Retype the listing exactly, minus its pictures.

## [Dataset section]
####################

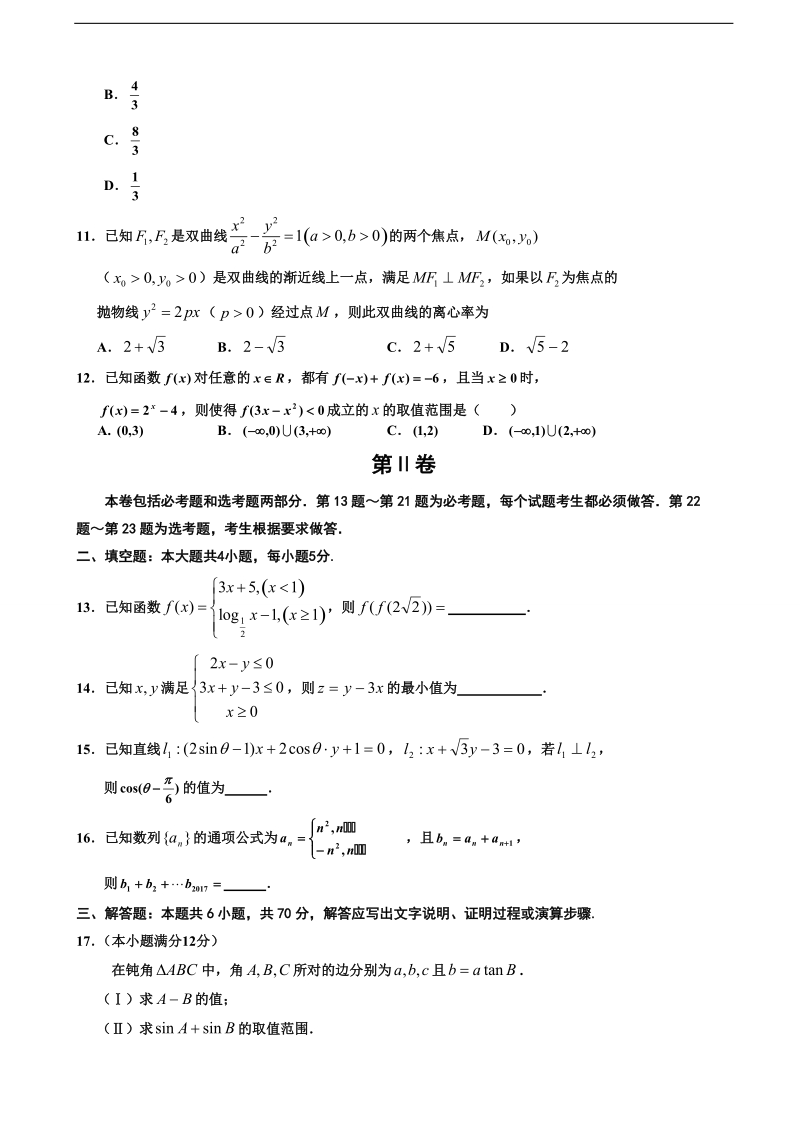 2017年宁夏银川一中高三下学期第三次模拟考试数学（文）试题（解析版）.doc_第3页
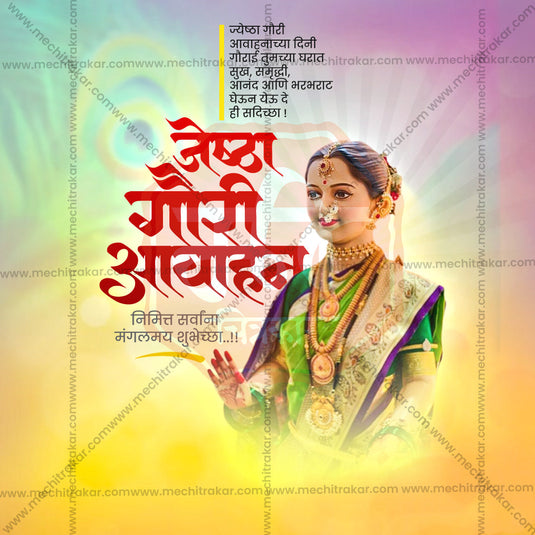 Professional Jyeshta Gauri Avahan Template Design in Marathi, Hindi, and English - High-Quality Editable PSD and JPG by Me Chitrakar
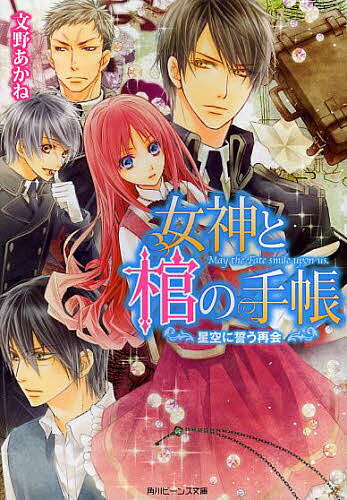 著者文野あかね(著)出版社角川書店発売日2013年05月ISBN9784041008188ページ数232Pキーワードめがみとひつぎのてちよう3かどかわ メガミトヒツギノテチヨウ3カドカワ ふみの あかね フミノ アカネ BF18861E9784041008188内容紹介王国史上初の女子医学生となったケイトは、必須科目の解剖実習で観察しか許されない。落ち込むが、首席のリオと共に、献体から「鍵」を見つけてしまい、軍の不正事件を捜査するイーノット少佐と再会することに!? ※本データはこの商品が発売された時点の情報です。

####################

## [Result of the task]
 2017年宁夏银川一中高三下学期第三次模拟考试数学（文）试题（解析版）.doc_第3页
 Professional Jyeshta Gauri Avahan Template Design in Marathi, Hindi, and English - High-Quality Editable PSD and JPG by Me Chitrakar
 著者文野あかね(著)出版社角川書店発売日2013年05月ISBN9784041008188ページ数232Pキーワードめがみとひつぎのてちよう3かどかわ メガミトヒツギノテチヨウ3カドカワ ふみの あかね フミノ アカネ BF18861E9784041008188内容紹介王国史上初の女子医学生となったケイトは、必須科目の解剖実習で観察しか許されない。落ち込むが、首席のリオと共に、献体から「鍵」を見つけてしまい、軍の不正事件を捜査するイーノット少佐と再会することに!? ※本データはこの商品が発売された時点の情報です。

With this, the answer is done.